L’Union européenne réaffirme son soutien à l’unité somalienne
Face à l’escalade diplomatique, l’Union européenne a adopté un ton prudent, mais sans ambiguïté sur le fond. Dans un communiqué publié après l’annonce israélienne, Bruxelles rappelle « l’importance du respect de l’unité, de la souveraineté et de l’intégrité territoriale de la République fédérale de Somalie, conformément à sa Constitution, ainsi qu’aux instruments de l’Union africaine et des Nations unies ».
L’UE souligne que cette position est « essentielle pour la paix et la stabilité dans l’ensemble de la Corne de l’Afrique » et appelle à « un dialogue constructif » entre le gouvernement fédéral somalien et le Somaliland pour résoudre leurs différends de longue date. Si le texte ne se prononce pas explicitement sur la reconnaissance israélienne, il aligne de fait la position européenne sur celle de Mogadiscio concernant l’intégrité du territoire somalien.
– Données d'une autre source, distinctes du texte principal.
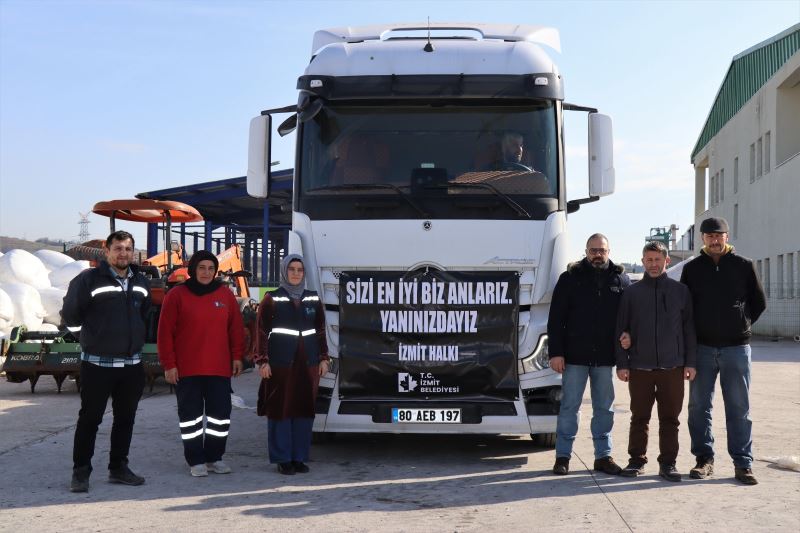 DEPREM BÖLGESİNDEKİ ÇİFTÇİYİ UNUTMAYAN İZMİT BELEDİYESİNDEN KAHRAMANMARAŞ’A ÜÇ TIR DOLUSU BÜYÜKBAŞ VE KÜÇÜKBAŞ HAYVAN YEMİ DESTEĞİ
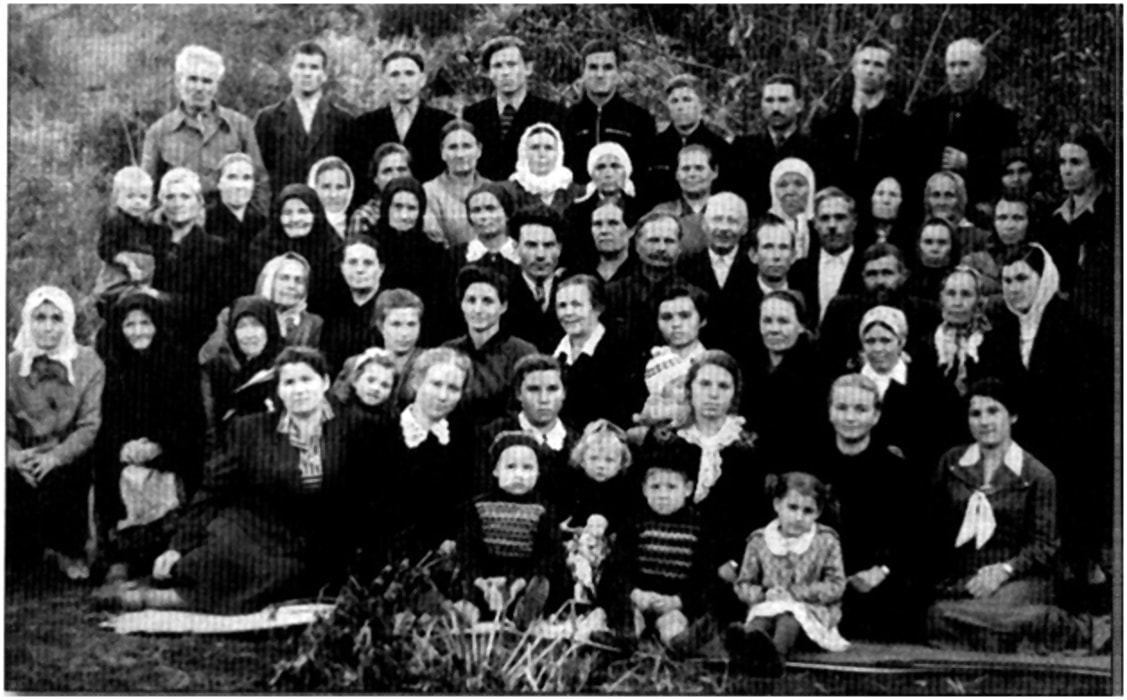 Adventist congregation in Almaty, 1957, resembling an Adventist congregation in Georgia in those times [Courtesy of Euro-Asia Division]
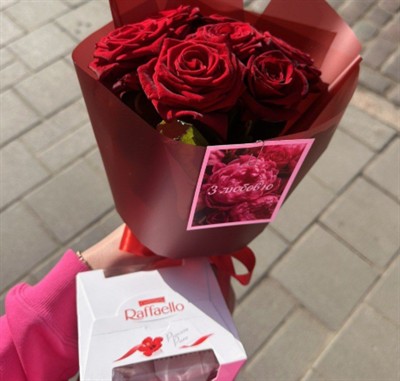 Bouquet of 5 red roses and Rafaello - Idea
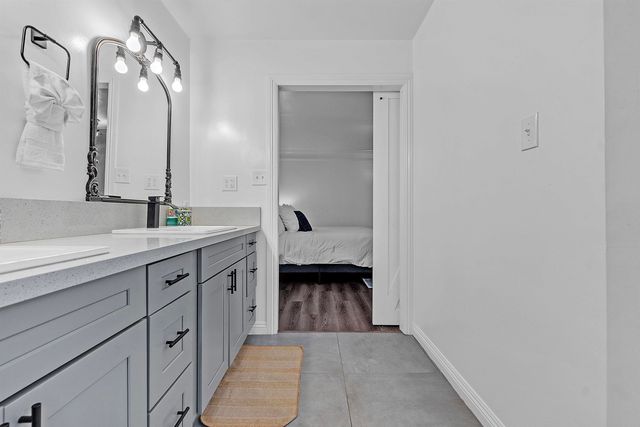 8910 MAGNOLIA LEAF CV, Memphis, TN 38018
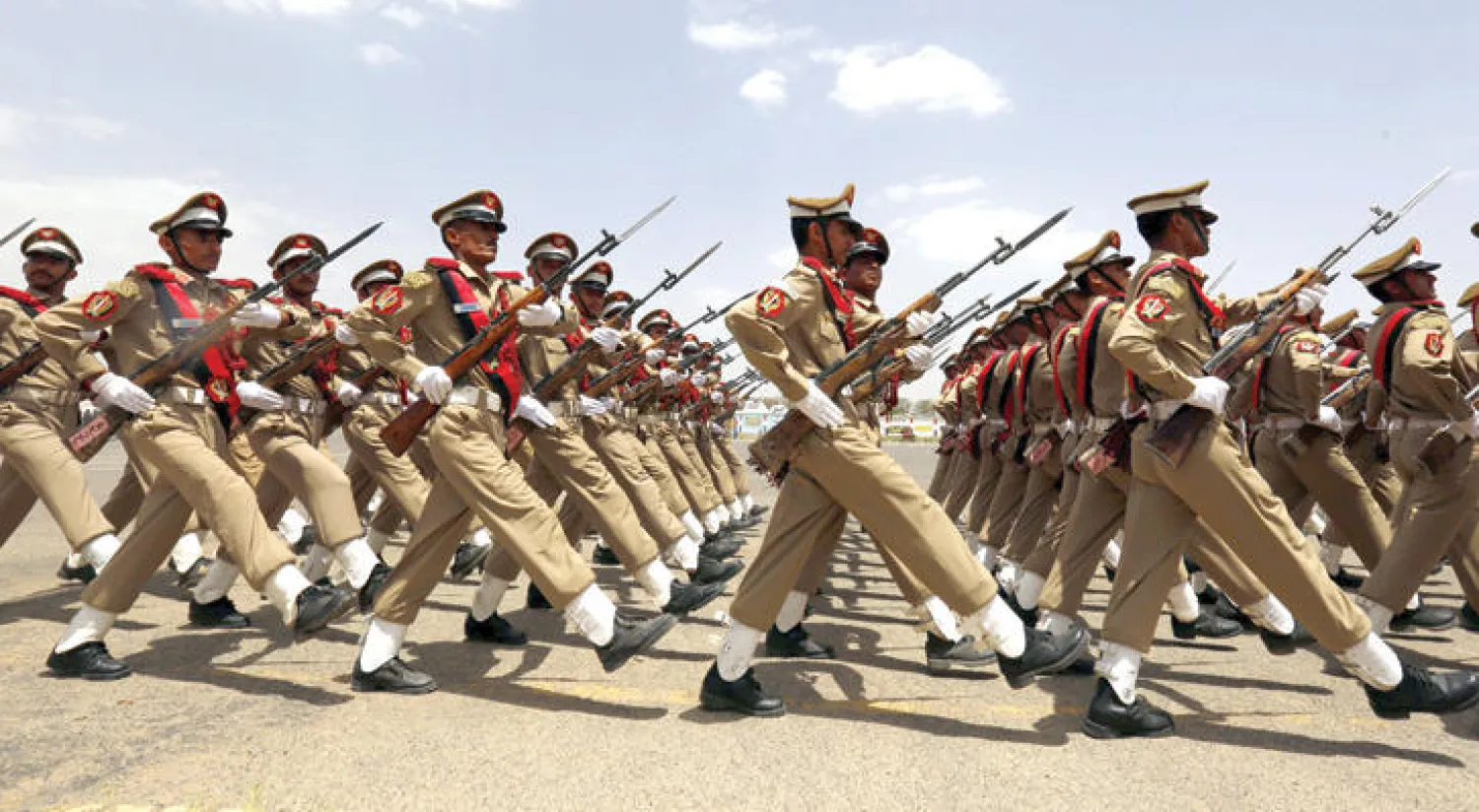 عرض في إحدى الكليات العسكرية التابعة للجيش اليمني في صنعاء (إ.ب.أ)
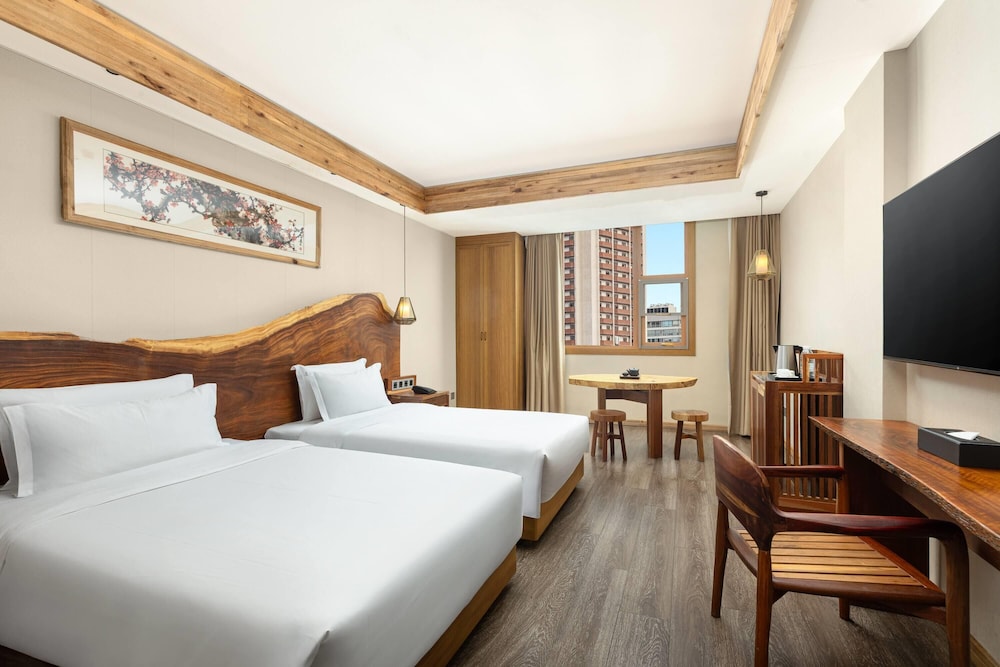 Days Hotel by Wyndham Chengdu Renmin South Road 7/26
En à peine quelques jours, la reconnaissance israélienne de la région du Somaliland a ainsi fait basculer un dossier jusque-là cantonné aux négociations entre Mogadiscio et Hargeisa dans une dimension régionale, voire internationale. Entre craintes pour l’unité somalienne, risques de militarisation accrue de la mer Rouge et enjeux de sécurité pour la navigation et le commerce international, la crise dépasse largement le cadre d’un différend interne. Pour la Somalie, l’enjeu est existentiel : défendre son intégrité territoriale face à ce qu’elle décrit comme une « ingérence illégale ». Pour le monde arabe et islamique, il s’agit d’empêcher l’exportation d’une logique de « fait accompli » déjà dénoncée en Palestine. Pour l’Europe, enfin, la stabilité de la Corne de l’Afrique reste indissociable de la sécurité du commerce maritime et de la pérennité du canal de Suez.